Deferral does not necessarily mean killing Bill 2491.
Many citizens were impatient and angry when Bill 2491 was deferred at the first committee meeting on August 5. “Just pass the bill!!” people cried, condemning the councilmembers who voted for deferral for being “against the bill.” In retrospect, that was jumping to conclusions.
If the council had done as was demanded, we would have a bill that provides for annual, rather than weekly, pesticide use disclosures and an EIS that would cost a million-plus dollars without providing the data or community buy-in that we really need.
Or, Bill 2491 might be dead by now. I believe the amendments proposed by Council Vice Chair Nakamura and me have kept the bill alive by strengthening certain provisions and focusing on the areas that have the most community consensus — i.e. pesticide disclosure, buffers and the need for a well-conducted study.

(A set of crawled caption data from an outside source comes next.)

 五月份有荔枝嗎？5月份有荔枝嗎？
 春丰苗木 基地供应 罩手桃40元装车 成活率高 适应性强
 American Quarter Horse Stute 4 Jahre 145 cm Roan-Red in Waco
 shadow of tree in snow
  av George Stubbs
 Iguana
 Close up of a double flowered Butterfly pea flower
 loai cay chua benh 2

Another deferral could strengthen our efforts once more.
Let me explain the possibility.
State law says:
“Notwithstanding any law, rule, or executive order to the contrary, the chairperson of the board of agriculture, in consultation with the advisory committee on pesticides and also with the approval of the director of health, shall suspend, cancel or restrict the use of certain pesticides or specific uses of certain pesticides when the usage is determined to have unreasonable adverse effects on the environment.” — HRS 149A-32.5
This provision could be very reasonably interpreted as an express preemption that prohibits county government from regulating pesticides. I have said, however, that we should go to court to find out what the law is. But the situation is not a slam dunk. What if the courts find preemption? Then where will we be after all this effort and agony?

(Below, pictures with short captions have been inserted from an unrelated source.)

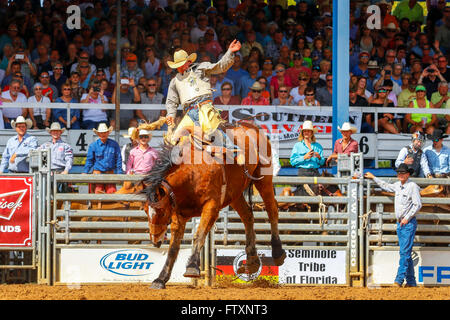 Cowboy on Bucking Bronco horse at Arcadia Rodeo, Florida, USA Stock Photo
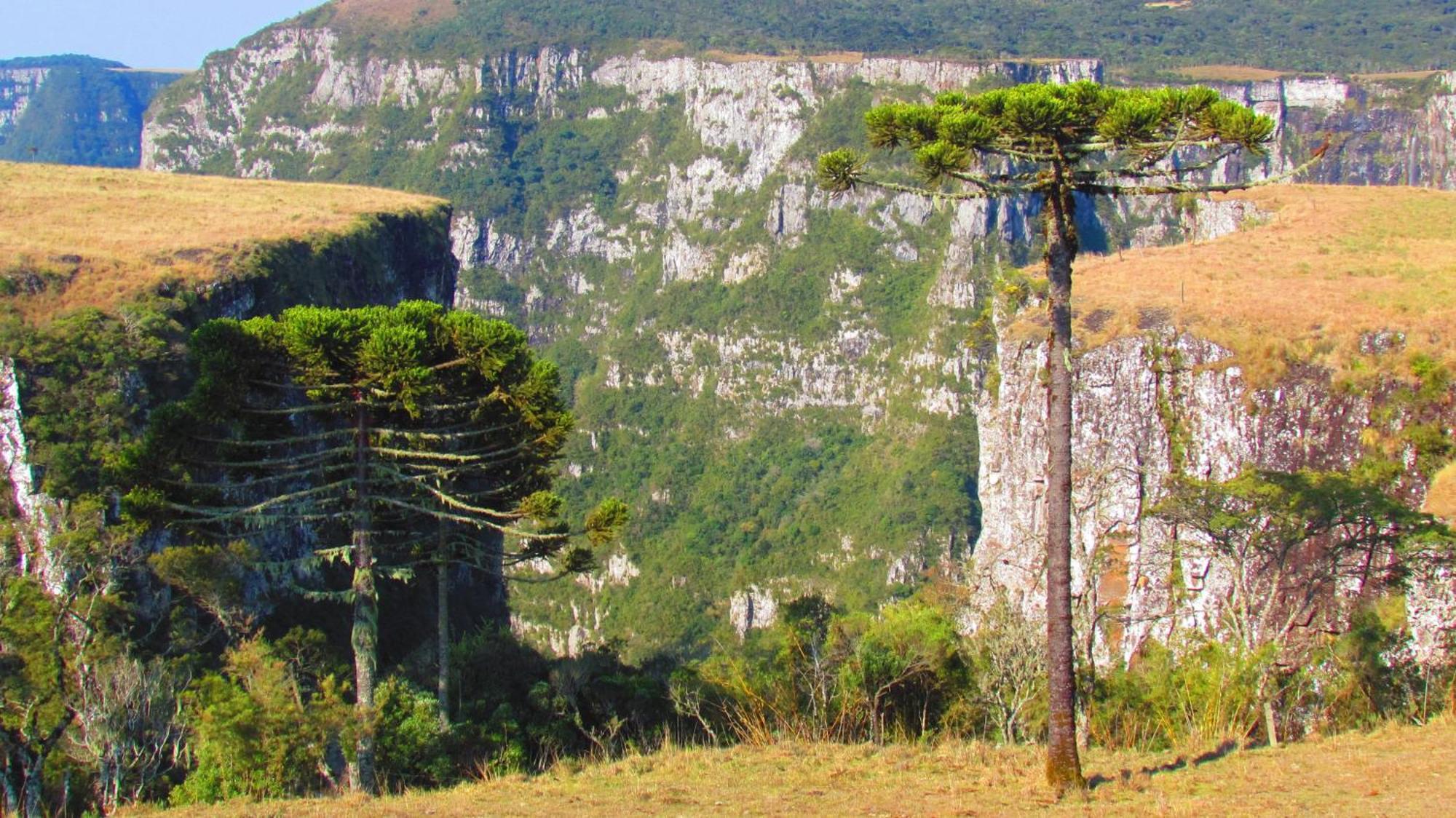 Fazenda Santa Rita Turismo Rural Bom Jardim da Serra Bagian luar foto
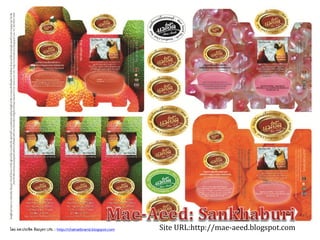 Site URL:http://mae-aeed.blogspot.comโดย ผศ.ประชิด ทิณบุตร URL : http://chainatbrand.blogspot.com
 
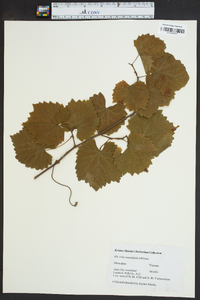 Vitis rotundifolia image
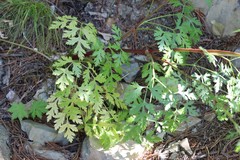 Kitagawia terebinthacea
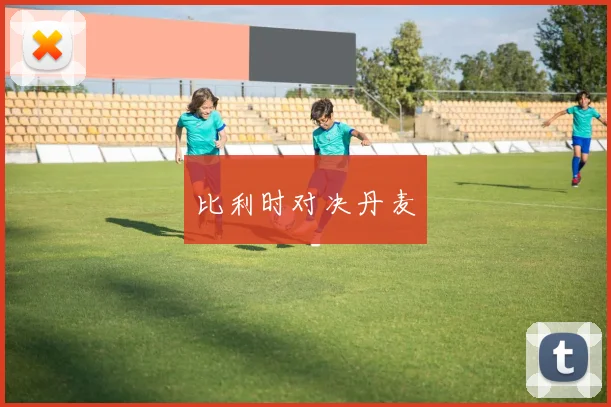比利时对决丹麦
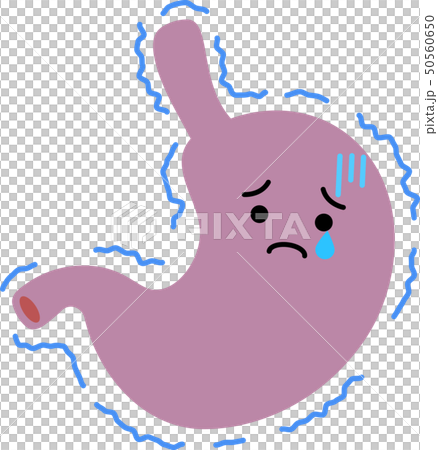 胃　胃袋　臓器　人体　ヘルスケア　かわいい　イラスト 50560650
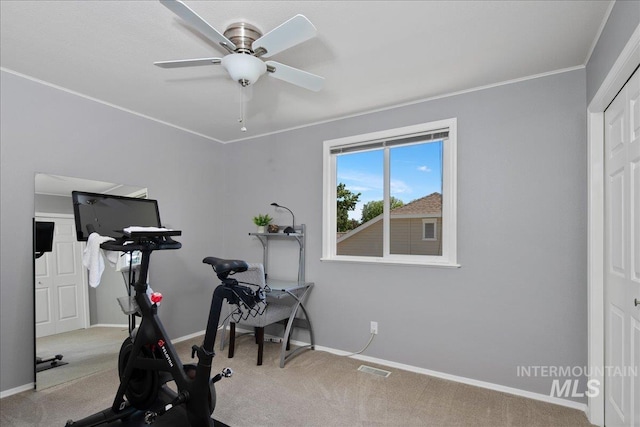 1049 N Purple Sage Way, Eagle, ID 83616 - workout room with carpet flooring, ornamental molding, and a ceiling fan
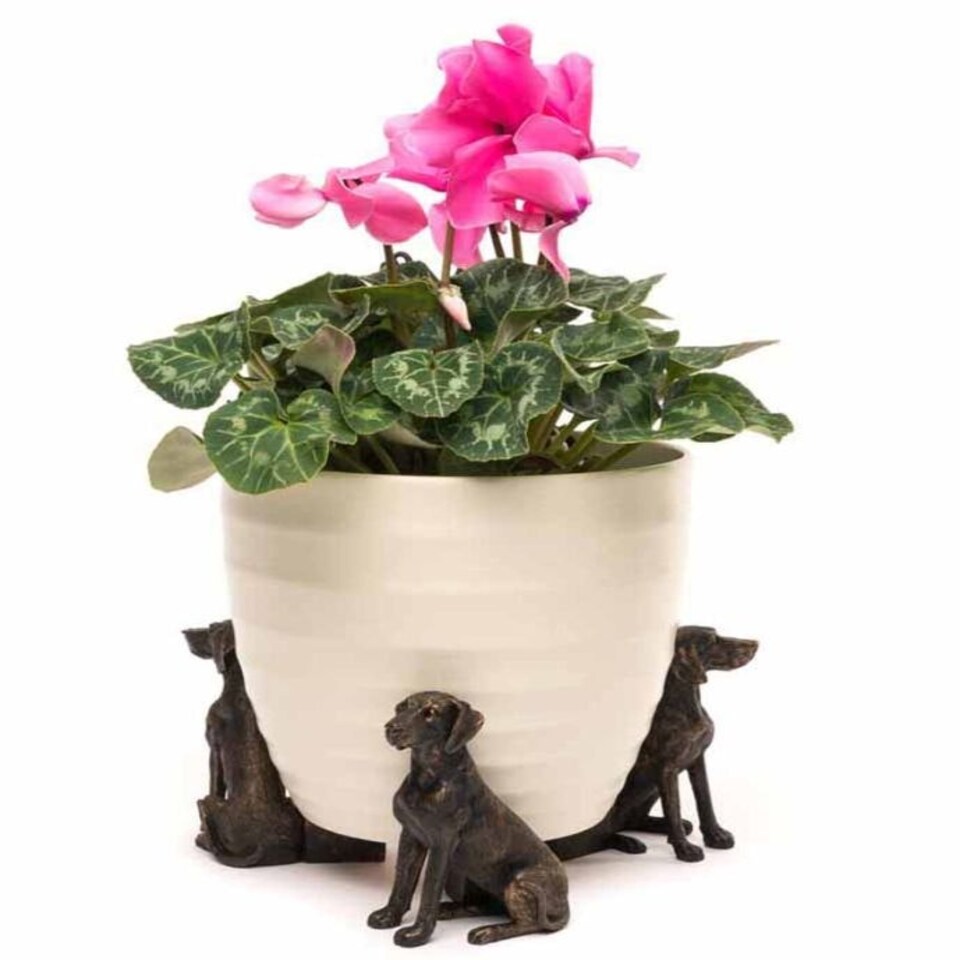 image 1 of Weimaraner Plant Pot Feet - Set of 3 Bronze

Working with the Department of Agriculture over the next two months could give us a contingency plan to effectuate the law in the fastest way possible. If we get the Department of Agriculture to work with us, we might avoid preemption because they are allowed under state law to have cooperative agreements with other entities. Or if — because the mayor and council are united in requesting their cooperation and the Kauai legislators have expressed their concerns — we secure their understanding of the urgency of this issue and their commitment through a memorandum of agreement (MOA), then if the courts find preemption, the Department of Agriculture will already be committed to work on this issue. They could adopt the provisions of Bill 2491, or something similar, into their rules and take it from there, with all of us watching. There are no guarantees, but we don’t know unless we try.
Unless a majority of the County Council and Mayor Carvalho commit to passing and enforcing Bill 2491 in two months, I will not vote for a deferral. If, however, we have a commitment to pass a bill at the end of two months if a memorandum of agreement to implement the provisions of Bill 2491 is not signed by then, it might be wise to give that option a try.
• JoAnn Yukimura is a member of the Kauai County Council.